Timezone: »

On Convexity and Linear Mode Connectivity in Neural Networks
David Yunis · Kumar Kshitij Patel · Pedro Savarese · Gal Vardi · Jonathan Frankle · Matthew Walter · Karen Livescu · Michael Maire

In many cases, neural networks trained with stochastic gradient descent (SGD) that share an early and often small portion of the training trajectory have solutions connected by a linear path of low loss. This phenomenon, called linear mode connectivity (LMC), has been leveraged for pruning and model averaging in large neural network models, but it is not well understood how broadly or why it occurs. LMC suggests that SGD trajectories somehow end up in a \textit{convex"} region of the loss landscape and stay there.

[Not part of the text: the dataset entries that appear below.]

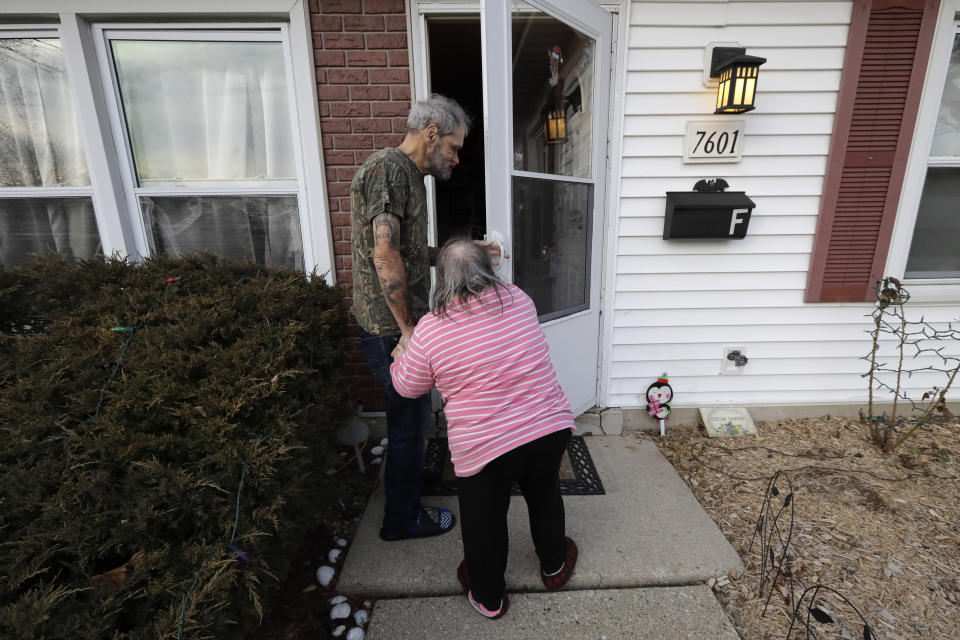 In this Friday, Dec. 20, 2019 photo, Bobby Goldberg, left, and his sister Debbie enter their home in suburban Chicago. Goldberg has filed a lawsuit claiming he was abused more than 1,000 times in multiple states and countries by the late Donald McGuire, a prominent American Jesuit priest who had close ties to Mother Teresa. (AP Photo/Nam Y. Huh)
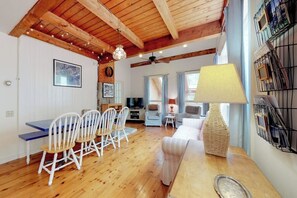 A cozy living area with a wooden ceiling, a dining table with chairs, a sofa, a TV, and a lamp. - Home With Deck, Great Location in the Heart of Acadia National Park (Mount Desert)
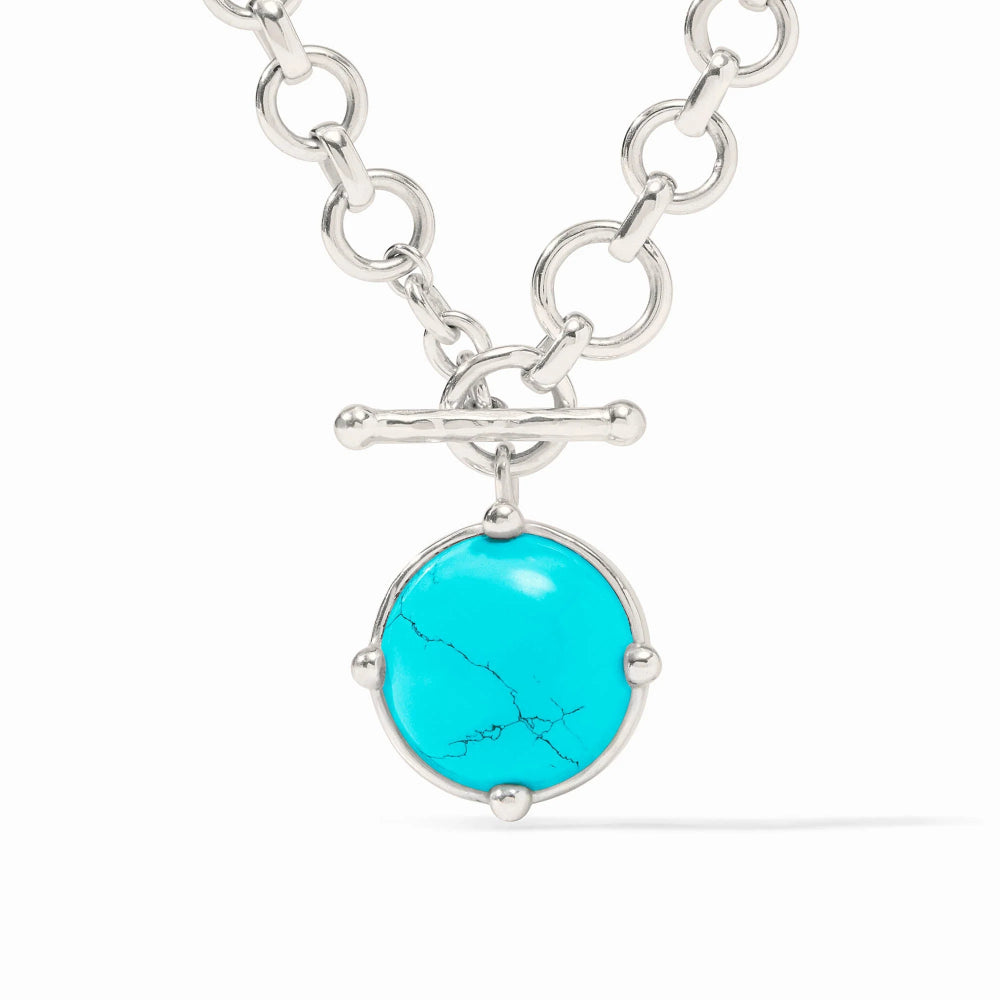 Silver necklace with a turquoise pendant on a white background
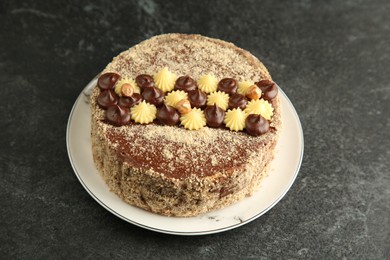 Photo of Delicious Kyiv Cake with cream and hazelnuts on black table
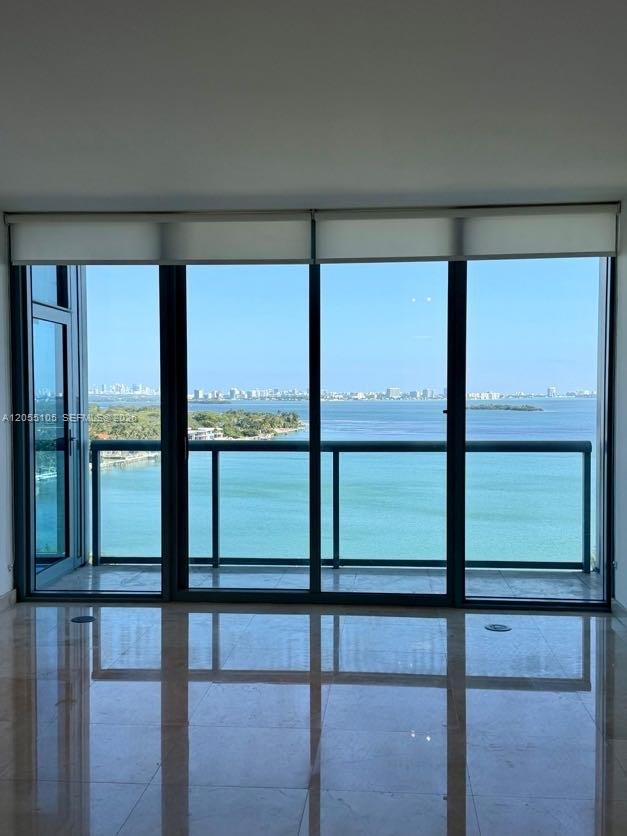 A room with polished tile floors features floor-to-ceiling windows overlooking a bay and city skyline — 601 NE 36th St # 1311, Miami FL 33137, MIAMI, FL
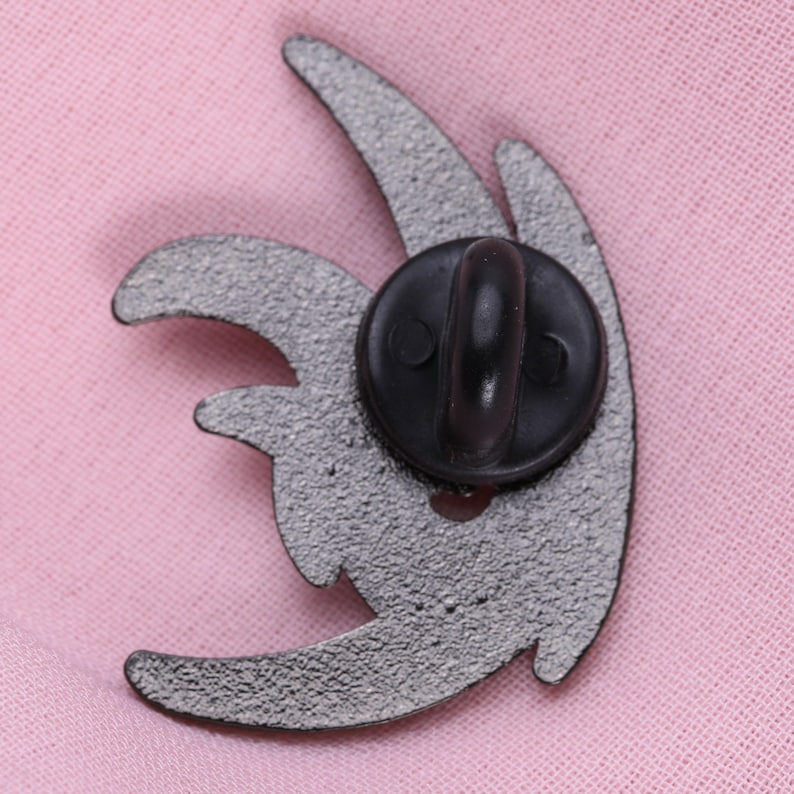 May include: A silver-colored enamel pin with a black clasp. The pin has a stylized, abstract design with curved shapes. The back of the pin is visible, showing the clasp and the textured surface of the metal.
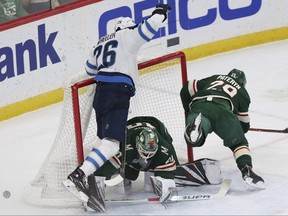 Winnipeg Jets' Blake Wheeler crashes into Minnesota Wild's goalie Devan Dubnyk after trying to score a goal in the first period of an NHL hockey game Thursday in St. Paul, Minn. (AP)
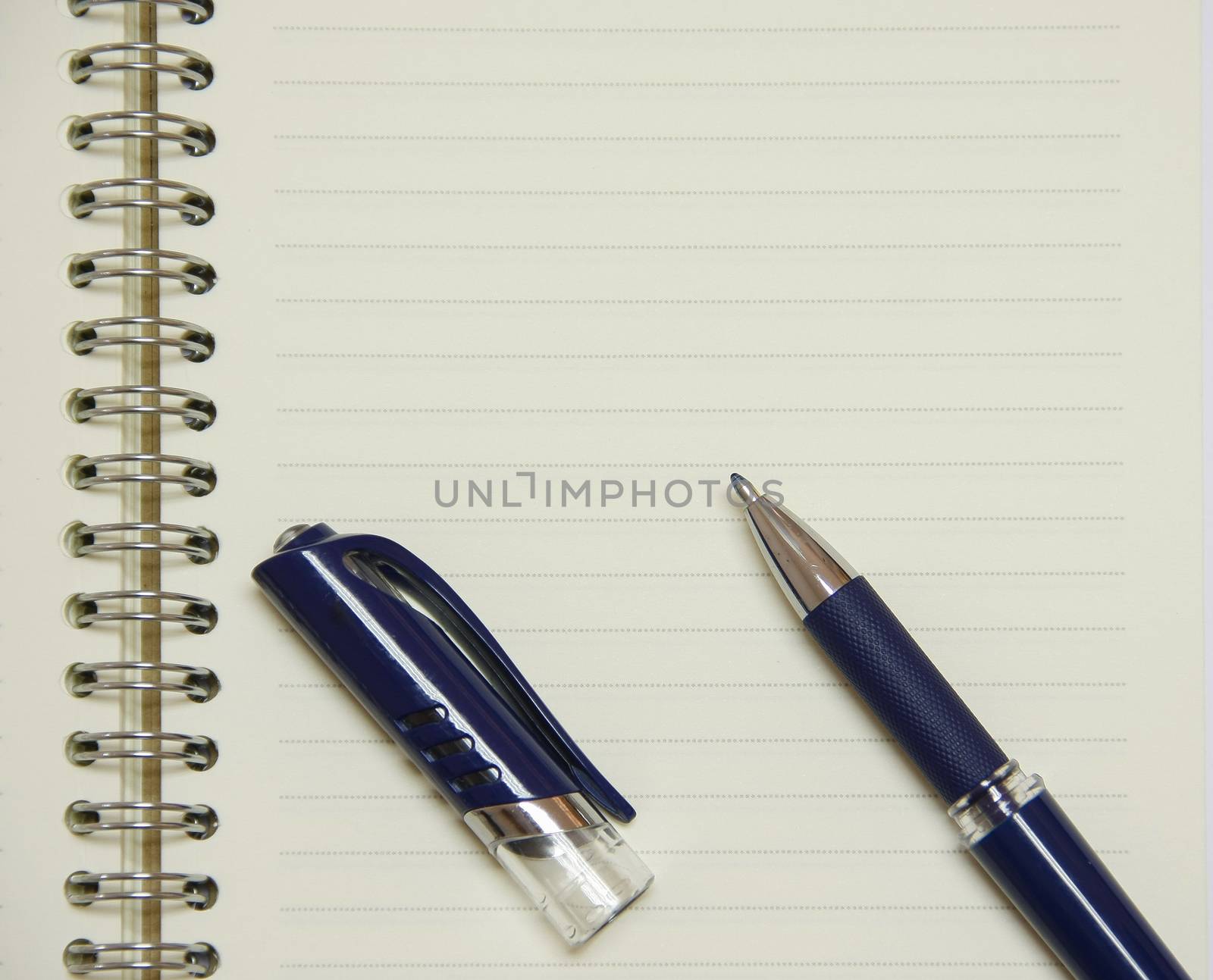 blue pen on notepad with spiral for memo, note, write, draw, text and picture
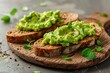Toast bread with avocado puree on wooden table. Vegetarian food.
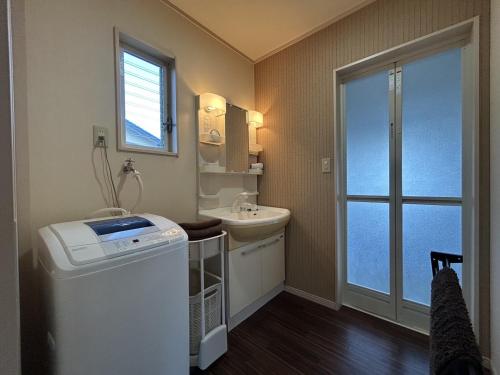 ein kleines Badezimmer mit Waschbecken und Toilette in der Unterkunft 南欧風のゴージャスなオーシャンビラ オーシャンビュー 1棟貸切 バーベキュー 長期滞在 ファミーユ伊豆高原 in Ito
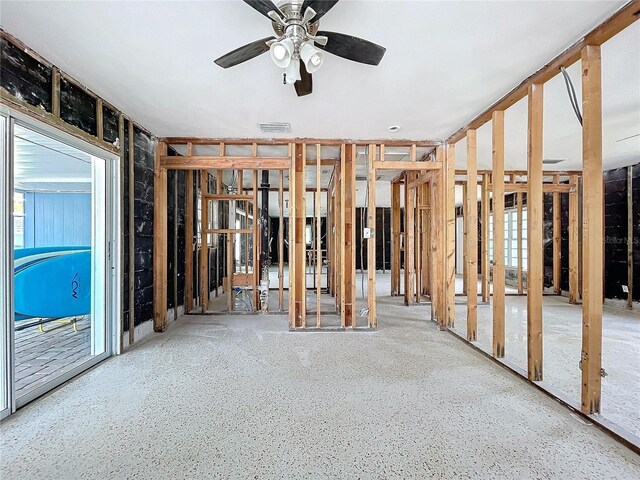 misc room featuring a ceiling fan and visible vents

In this work, we confirm that this eventually does happen by finding a high-dimensional convex hull of low loss between the endpoints of several SGD trajectories. But to our surprise, simple measures of convexity do not show any obvious transition at the point when SGD will converge into this region. To understand this convex hull better, we investigate the functional behaviors of its endpoints. We find that only a small number of correct predictions are shared between all endpoints of a hull, and an even smaller number of correct predictions are shared between the hulls, even when the final accuracy is high for every endpoint. Thus, we tie LMC more tightly to convexity, and raise several new questions about the source of this convexity in neural network optimization.